AIM OF THE EXERCISE: Repeat the records below verbatim and include no pictures.

THE DATA:
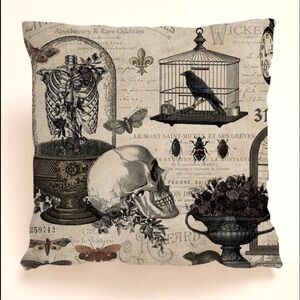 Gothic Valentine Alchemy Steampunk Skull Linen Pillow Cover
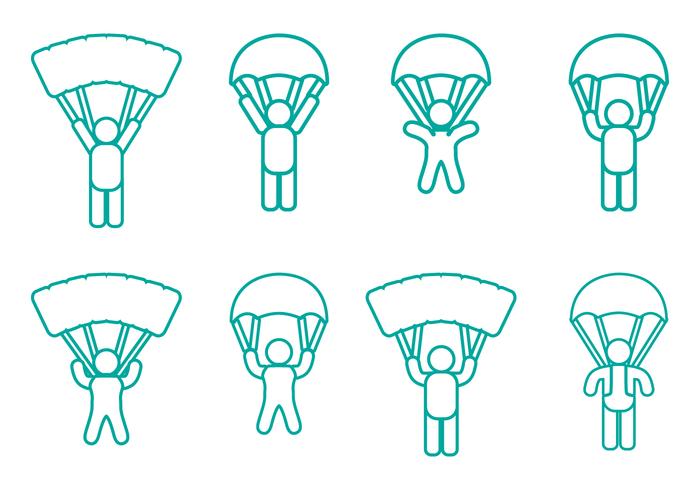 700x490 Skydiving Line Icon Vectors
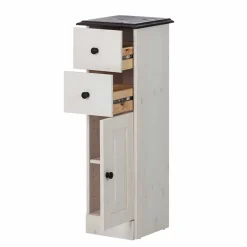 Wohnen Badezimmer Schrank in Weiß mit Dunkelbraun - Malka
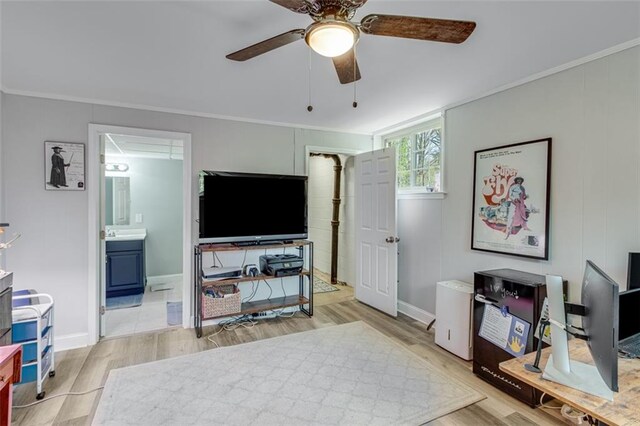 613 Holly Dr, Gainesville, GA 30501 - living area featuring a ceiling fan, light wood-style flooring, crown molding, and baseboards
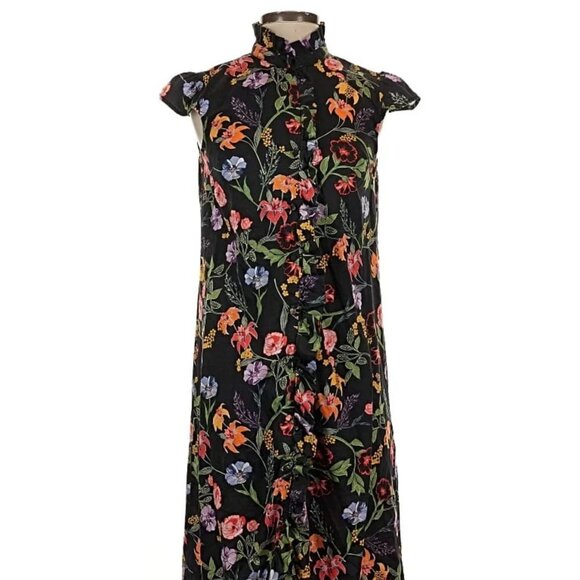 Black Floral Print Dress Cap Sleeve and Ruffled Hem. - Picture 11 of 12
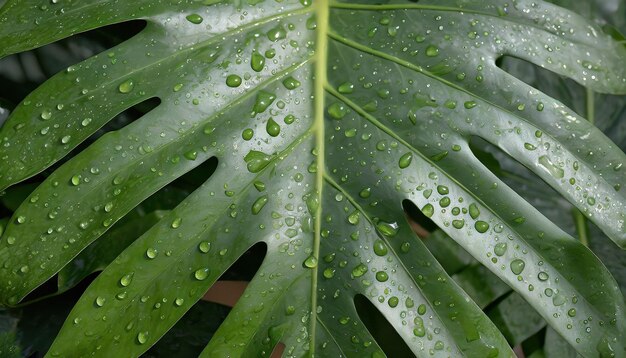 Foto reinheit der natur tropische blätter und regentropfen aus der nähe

ANSWER TO THIS PROBLEM:
 Gothic Valentine Alchemy Steampunk Skull Linen Pillow Cover
 700x490 Skydiving Line Icon Vectors
 Wohnen Badezimmer Schrank in Weiß mit Dunkelbraun - Malka
 613 Holly Dr, Gainesville, GA 30501 - living area featuring a ceiling fan, light wood-style flooring, crown molding, and baseboards
 Black Floral Print Dress Cap Sleeve and Ruffled Hem. - Picture 11 of 12
 Foto reinheit der natur tropische blätter und regentropfen aus der nähe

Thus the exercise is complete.